Bahrami B, Hong T, Schlub TE, Chang AA. Aflibercept For Persistent Diabetic Macular Edema: Forty-Eight–Week Outcomes. Retina. 2019 Jan 1;39(1):61-8.

Purpose:
To evaluate functional and anatomical outcomes after a switch from intravitreal bevacizumab to aflibercept in patients with persistent diabetic macular edema.

Methods:
Prospective, single-arm, open-label clinical trial of patients with persistent diabetic macular edema, despite previous treatment with bevacizumab. Five loading doses of intravitreal aflibercept were administered every 4 weeks with subsequent injections administered every 8 weeks. Patients were reviewed every 4 weeks, and best-corrected visual acuity and central macular thickness were recorded. Primary outcome measures included change in central macular thickness and best-corrected visual acuity at week 48 compared with baseline.

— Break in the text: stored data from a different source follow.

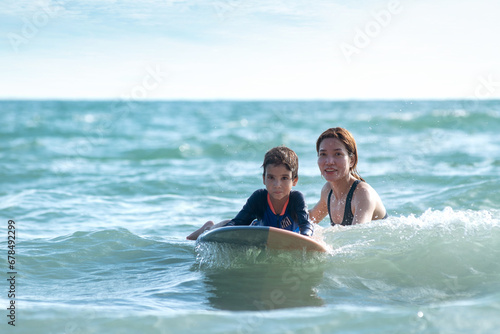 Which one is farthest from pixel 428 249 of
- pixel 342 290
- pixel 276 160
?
pixel 276 160

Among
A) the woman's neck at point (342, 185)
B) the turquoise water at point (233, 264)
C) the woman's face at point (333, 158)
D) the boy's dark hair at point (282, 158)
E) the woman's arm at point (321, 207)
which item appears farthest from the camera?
the woman's arm at point (321, 207)

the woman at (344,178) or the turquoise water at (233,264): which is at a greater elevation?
the woman at (344,178)

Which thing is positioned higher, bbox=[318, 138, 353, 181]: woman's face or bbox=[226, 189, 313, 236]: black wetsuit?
bbox=[318, 138, 353, 181]: woman's face

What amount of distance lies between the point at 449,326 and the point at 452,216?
2.38 metres

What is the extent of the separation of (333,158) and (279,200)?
2.34 ft

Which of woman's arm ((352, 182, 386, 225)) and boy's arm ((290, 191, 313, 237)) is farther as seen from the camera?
woman's arm ((352, 182, 386, 225))

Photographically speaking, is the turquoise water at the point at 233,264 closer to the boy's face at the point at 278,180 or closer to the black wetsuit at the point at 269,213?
the black wetsuit at the point at 269,213

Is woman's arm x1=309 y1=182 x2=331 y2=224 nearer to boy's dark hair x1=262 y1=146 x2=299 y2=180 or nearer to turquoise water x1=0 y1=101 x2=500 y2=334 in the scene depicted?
turquoise water x1=0 y1=101 x2=500 y2=334

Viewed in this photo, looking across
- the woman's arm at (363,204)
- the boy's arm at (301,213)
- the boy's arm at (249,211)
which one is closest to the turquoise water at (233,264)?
the woman's arm at (363,204)

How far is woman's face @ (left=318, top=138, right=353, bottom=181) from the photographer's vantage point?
5.12 metres

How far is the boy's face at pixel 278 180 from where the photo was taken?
4.60 metres

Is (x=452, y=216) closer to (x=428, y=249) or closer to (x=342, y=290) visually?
(x=428, y=249)

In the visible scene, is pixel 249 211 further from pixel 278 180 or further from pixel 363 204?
pixel 363 204

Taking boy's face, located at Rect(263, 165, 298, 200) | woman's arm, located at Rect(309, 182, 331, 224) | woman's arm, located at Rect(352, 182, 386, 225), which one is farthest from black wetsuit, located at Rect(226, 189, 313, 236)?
woman's arm, located at Rect(309, 182, 331, 224) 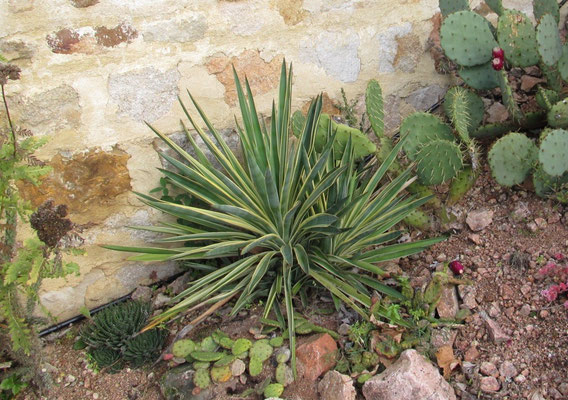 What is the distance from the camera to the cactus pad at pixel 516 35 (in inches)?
115

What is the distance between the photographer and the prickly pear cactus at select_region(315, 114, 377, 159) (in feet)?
9.63

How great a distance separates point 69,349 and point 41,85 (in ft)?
4.09

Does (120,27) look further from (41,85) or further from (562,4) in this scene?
(562,4)

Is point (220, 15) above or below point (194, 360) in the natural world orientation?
above

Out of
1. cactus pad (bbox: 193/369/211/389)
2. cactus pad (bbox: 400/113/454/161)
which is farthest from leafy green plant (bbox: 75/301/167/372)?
cactus pad (bbox: 400/113/454/161)

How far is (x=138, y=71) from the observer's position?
2.88 m

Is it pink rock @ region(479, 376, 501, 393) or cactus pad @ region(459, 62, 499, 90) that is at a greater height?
cactus pad @ region(459, 62, 499, 90)

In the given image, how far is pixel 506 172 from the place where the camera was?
9.30 feet

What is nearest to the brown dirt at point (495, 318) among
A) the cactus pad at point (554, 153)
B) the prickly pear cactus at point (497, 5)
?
the cactus pad at point (554, 153)

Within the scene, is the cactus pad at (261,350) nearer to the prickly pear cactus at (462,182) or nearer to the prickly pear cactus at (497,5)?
the prickly pear cactus at (462,182)

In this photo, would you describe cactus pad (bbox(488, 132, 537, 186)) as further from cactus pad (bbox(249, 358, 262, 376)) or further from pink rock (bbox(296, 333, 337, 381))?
cactus pad (bbox(249, 358, 262, 376))

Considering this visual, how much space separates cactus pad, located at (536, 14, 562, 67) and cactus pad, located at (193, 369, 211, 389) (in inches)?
82.1

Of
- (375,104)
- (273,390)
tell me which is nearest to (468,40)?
(375,104)

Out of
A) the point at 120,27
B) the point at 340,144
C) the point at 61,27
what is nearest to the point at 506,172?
the point at 340,144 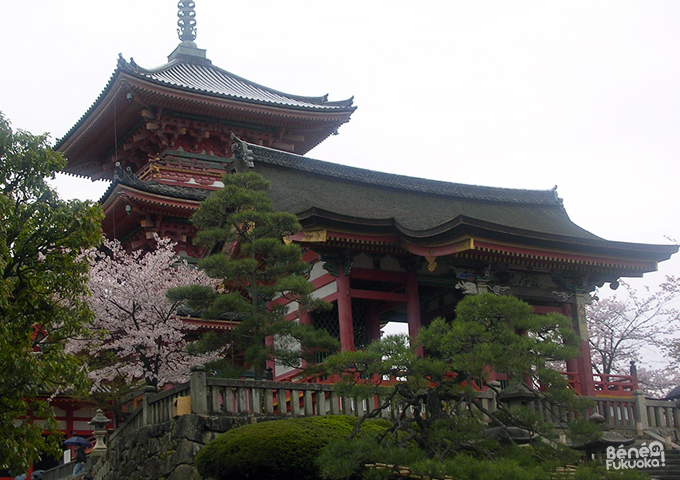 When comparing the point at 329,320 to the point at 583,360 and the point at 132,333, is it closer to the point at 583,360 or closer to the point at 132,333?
the point at 132,333

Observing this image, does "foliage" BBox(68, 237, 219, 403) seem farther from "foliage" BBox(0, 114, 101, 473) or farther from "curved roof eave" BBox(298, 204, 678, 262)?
"foliage" BBox(0, 114, 101, 473)

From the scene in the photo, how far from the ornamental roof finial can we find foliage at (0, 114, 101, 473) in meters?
27.3

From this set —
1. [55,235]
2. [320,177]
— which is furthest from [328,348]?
[320,177]

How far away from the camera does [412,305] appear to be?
17.9 metres

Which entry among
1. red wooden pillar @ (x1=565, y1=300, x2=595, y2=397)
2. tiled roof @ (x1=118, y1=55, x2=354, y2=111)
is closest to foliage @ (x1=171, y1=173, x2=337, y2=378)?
red wooden pillar @ (x1=565, y1=300, x2=595, y2=397)

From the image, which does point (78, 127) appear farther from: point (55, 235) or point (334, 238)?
point (55, 235)

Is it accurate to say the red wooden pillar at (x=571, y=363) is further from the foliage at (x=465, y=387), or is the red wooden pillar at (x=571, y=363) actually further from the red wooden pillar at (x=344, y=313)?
the foliage at (x=465, y=387)

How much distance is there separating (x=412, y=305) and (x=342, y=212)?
2.64 metres

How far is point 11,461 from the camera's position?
38.5 ft

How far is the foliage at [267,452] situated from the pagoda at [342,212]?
17.1 ft

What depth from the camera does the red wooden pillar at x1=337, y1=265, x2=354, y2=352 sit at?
650 inches

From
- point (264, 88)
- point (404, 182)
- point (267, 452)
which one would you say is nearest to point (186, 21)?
point (264, 88)

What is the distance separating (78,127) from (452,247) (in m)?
20.7

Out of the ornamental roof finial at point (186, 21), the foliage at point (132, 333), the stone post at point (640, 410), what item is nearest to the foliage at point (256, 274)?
the foliage at point (132, 333) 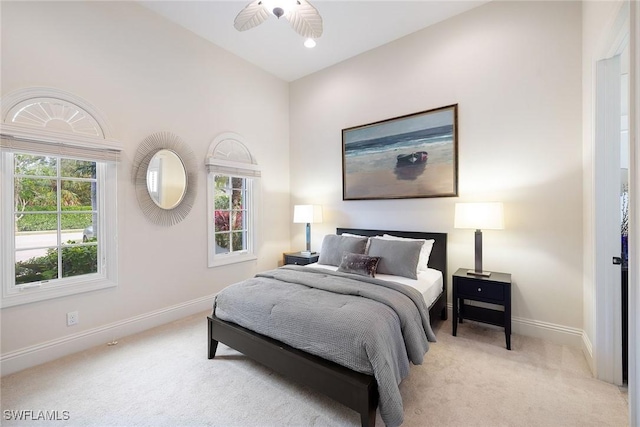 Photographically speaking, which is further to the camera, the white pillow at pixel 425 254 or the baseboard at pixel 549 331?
the white pillow at pixel 425 254

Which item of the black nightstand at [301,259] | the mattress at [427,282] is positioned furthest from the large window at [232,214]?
the mattress at [427,282]

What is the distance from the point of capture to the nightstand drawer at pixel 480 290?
2.57 m

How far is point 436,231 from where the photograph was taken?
10.9 ft

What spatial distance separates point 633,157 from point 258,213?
384cm

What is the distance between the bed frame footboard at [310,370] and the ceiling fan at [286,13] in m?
2.52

Paired t-tests were used to assess change between baseline and follow-up visits.

Results:
At baseline, 43 eyes from 43 patients were recruited with a median (interquartile range) of 12 (7-24) previous intravitreal anti-vascular endothelial growth factor injections over a period of 18 (8-34) months. Mean ± SD central macular thickness reduced by 59 ± 114 μm (P = 0.002), and best-corrected visual acuity improved by 3.9 ± 7.0 letters (P = 0.001) after 48 weeks in the 41 patients who completed the trial. Best-corrected visual acuity improvements were more marked in patients who gained ≥5 letters after the first injection (8.9 ± 5.7 vs. 1.8 ± 6.5 letter gain at 48 weeks, P = 0.002), a difference which remained significant after regression analysis with baseline best-corrected visual acuity . Vision gains and central macular thickness reduction were similar in 9 fellow eyes eligible for inclusion being concurrently treated for diabetic macular edema with bevacizumab.

Conclusion:
Intravitreal aflibercept was effective in improving anatomical and visual outcomes among patients with an incomplete response to intravitreal bevacizumab with 48 weeks of follow-up. Patients with a good early response subsequent to switching had a better improvement in vision at 48 weeks.